[Drbd-dev] How Locking in GFS works...

Fri Oct 8 15:51:56 CEST 2004

/ 2004-10-08 14:32:09 +0200
\ Philipp Reisner:
> Hi Friends,
> 
> In reallity it is much more complex than we thought in the first
> place.
> 
> I think that the solution with the "coordinator node" and the write
> now packet would be simpler, but it's drawback is the additional
> write now packet means that we have more packets on the wirte....
> 
> ... But please read it first!

now, I did not, yet...

but, 

network packets we have in the active/non-active case:

	data -> 
	     <- ack (recv (B) or write (C))

packets we have in the active/active case,
lets do this strictly for protocol C first:

  write on non-coordinator:
	data -> 
	     <- write now               [ when? is this already a write ack? ]
	ack  ->             (write ack)
             <- ack         (write ack) [ when? is this neccessary? ]

  write on coordinator:
	     <- data
	ack  ->

packets we have in the active/active case, arbitration mode:

	data ->
		[ cancel it, or write it.
		  if canceled, send "cancel ack",
		  if written, send write ack ]
	     <- ack

do we agree so far?
or is anything else neccessary?
an additional ack in the other direction, maybe?

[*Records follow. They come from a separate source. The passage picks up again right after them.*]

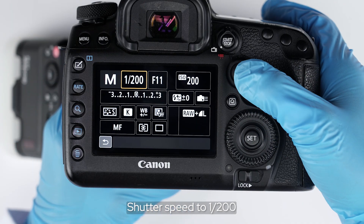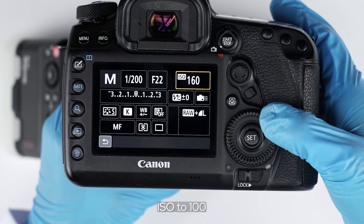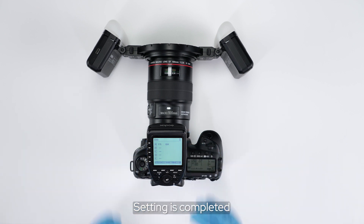Set the shutter speed to 1/200, aperture to F22, and ISO to 100. Test the flash to confirm the setting is completed.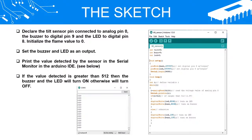The Sketch: Declare the tilt sensor pin connected to analog pin 0, the buzzer to digital pin 9, and the LED to digital pin 8. Initialize the sensor value to 0.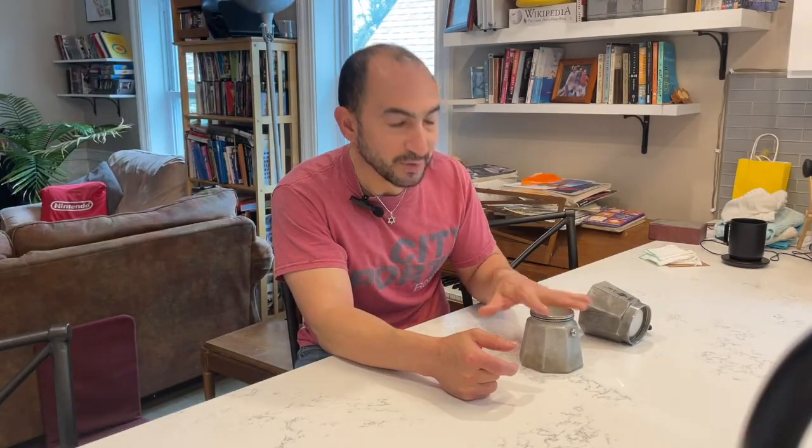I'm going to brew coffee into the mocha pot and leave it on even after the pale bubbling happens. We're going to see if the product is really that much worse. So wish me luck.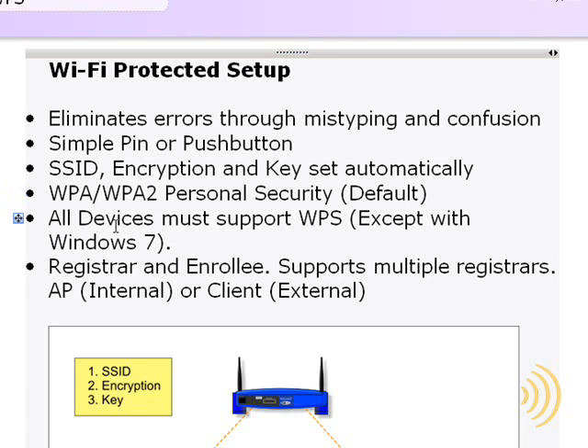One of the caveats is all the devices you are using must support WPS. The exception to this is Windows 7, which has a Wi-Fi Protected Setup client built into it. So even if you plug in a network adapter that does not support WPS, by virtue of being connected to a Windows 7 workstation, you will still be able to connect to your router using WPS.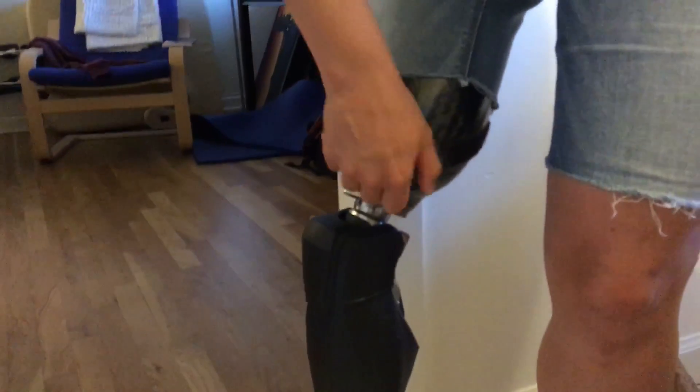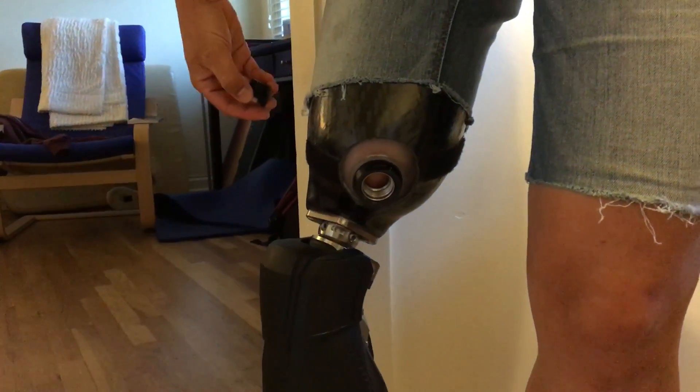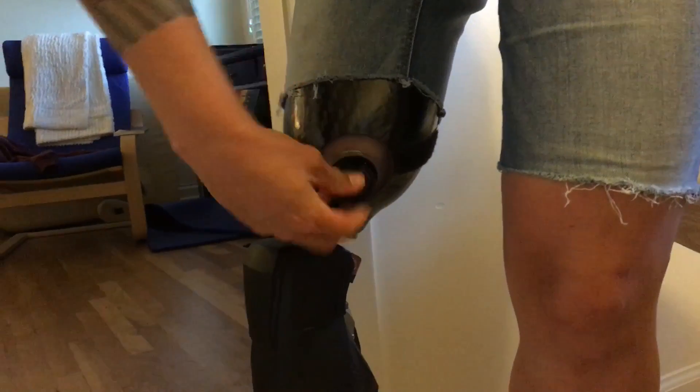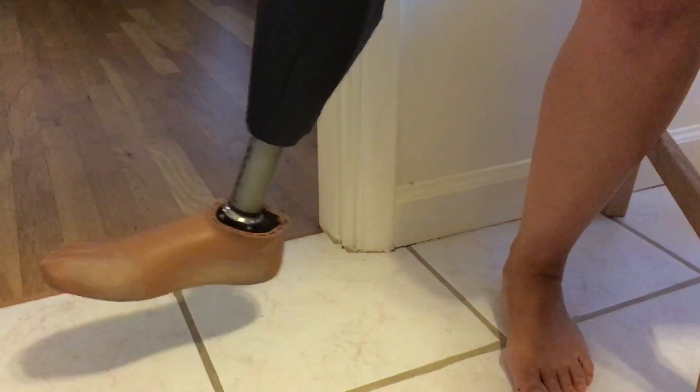This valve right here, if I unscrew it, it's what releases the suction. If I lift up right now, my leg would come off. You screw it back on, and I'm in there. There's no way this thing's coming off.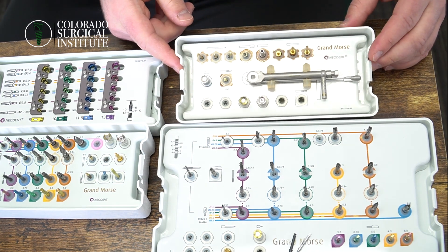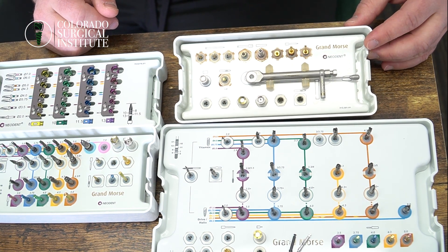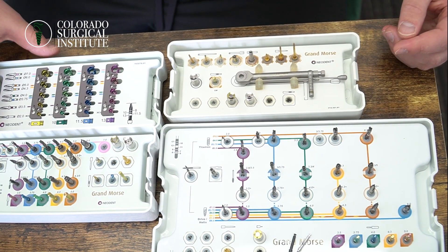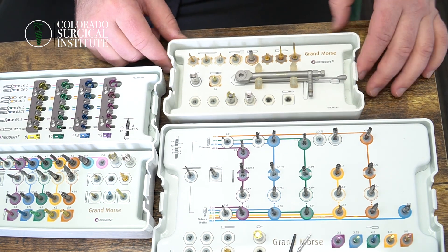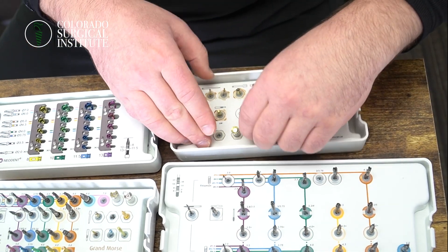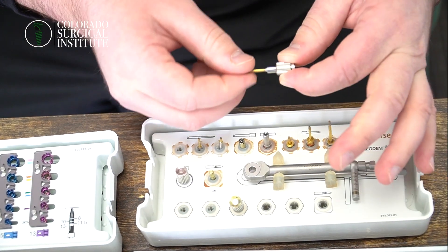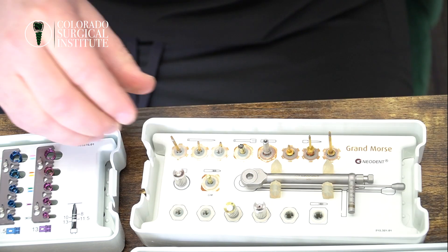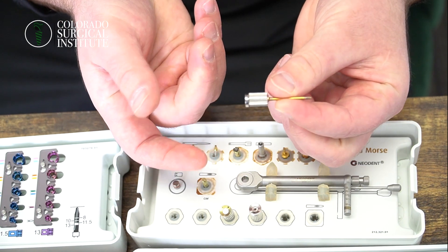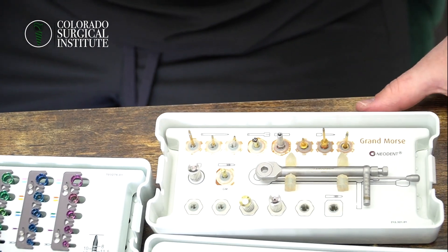The last piece is Neodent's prosthetic kit, which is a separate kit. If you're just seating a crown, you can take this little kit out rather than bring your big surgical kit and having to re-sterilize all those burrs or risk getting them dull. The prosthetic kit has a torque wrench, screwdrivers, attachments in three sizes, and a traditional screwdriver as well. Literally every selection of tool you need — and that about wraps up Neodent's kits.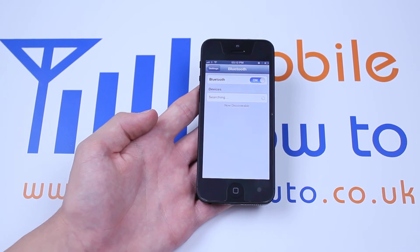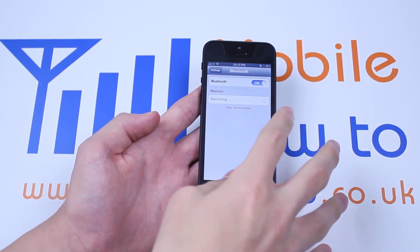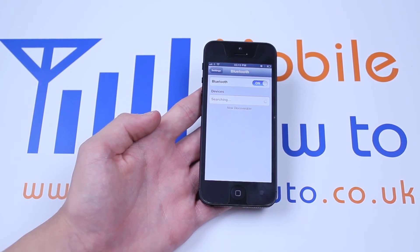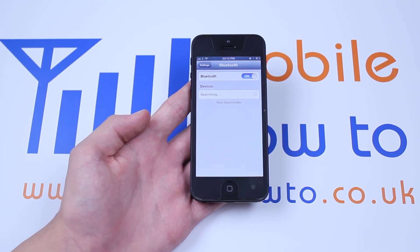Now the device will start searching for other devices to pair with and also, as it says there, now discoverable. Your iPhone 5 is discoverable via Bluetooth with alternative devices. That's how to activate Bluetooth on the iPhone 5.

I think I like the "locking extents" best.
this assumes that a typical usage pattern would have distinct active
sets on both nodes. then, most of the time writes go through normally as
if this was active, and the other node non-active.
sometimes, i.e. whenever I modify the activity-log, I need to communiacte:
	want-extent -> 
			[**]
		    <- there you go

and this expected to be as infrequent as actlog updates now.
but [**] can be expensive, if both nodes try to write to the same
"lock region", and we have a lock-extent ping-pong, because it would
basically mean 
	if I don't use it, tell peer "you have it",
	if I did use it, but its no longer in active use now, ex it from
		my activity log and tell peer "you have it"
	if it is still in use, mark it to be send to the peer,
		which implies to not accept new requests,
		and as soon as the local usage count drops to zero,
		it is send to the peer.
now, if the alternating write blocks to the same lock-region, thats bad.
expectation is they don't, because upper layers have the same
problem, and therefore will optimize to not do so.

but, yes, I will have a look at the arbitration logic, too.

	lge